**About this exercise:** What you should give back is a precise copy of the lines below from the one containing "Shadows of deep" through the one containing "1100 Frederick Street", with no pictures.

**Source material:**
::::::::::
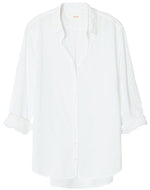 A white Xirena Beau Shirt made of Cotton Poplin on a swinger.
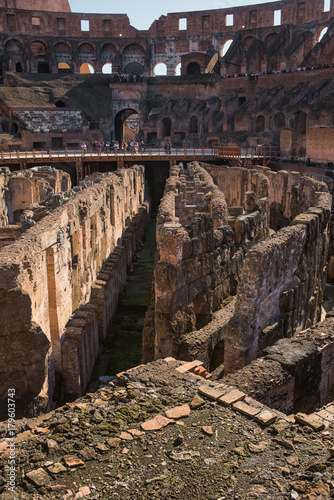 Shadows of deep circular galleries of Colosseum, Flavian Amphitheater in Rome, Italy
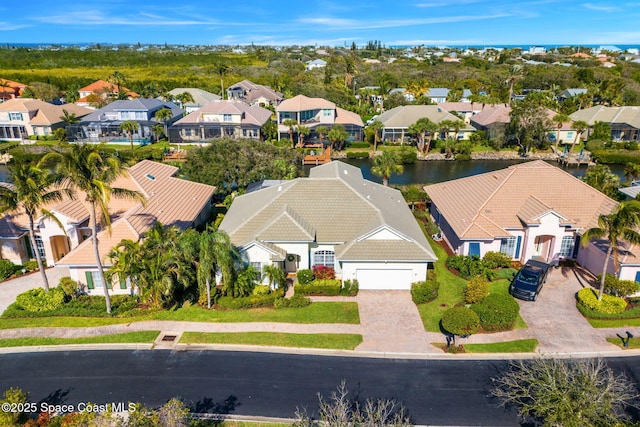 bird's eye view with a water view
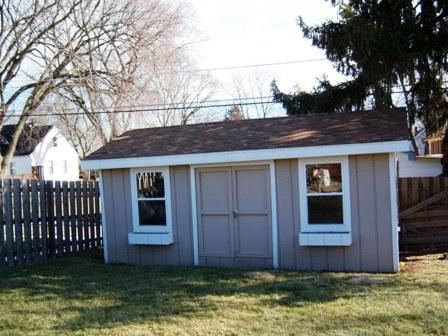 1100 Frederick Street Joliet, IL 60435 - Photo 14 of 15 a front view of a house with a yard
::::::::::
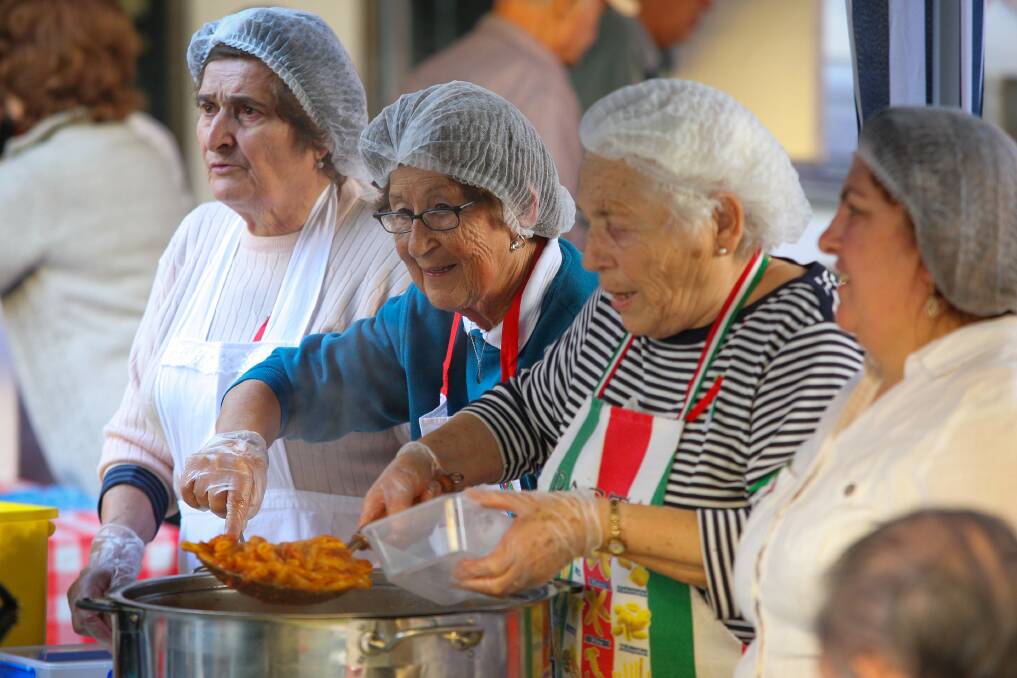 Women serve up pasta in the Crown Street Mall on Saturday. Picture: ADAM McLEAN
::::::::::
**Result:**
 Shadows of deep circular galleries of Colosseum, Flavian Amphitheater in Rome, Italy
 bird's eye view with a water view
 1100 Frederick Street Joliet, IL 60435 - Photo 14 of 15 a front view of a house with a yard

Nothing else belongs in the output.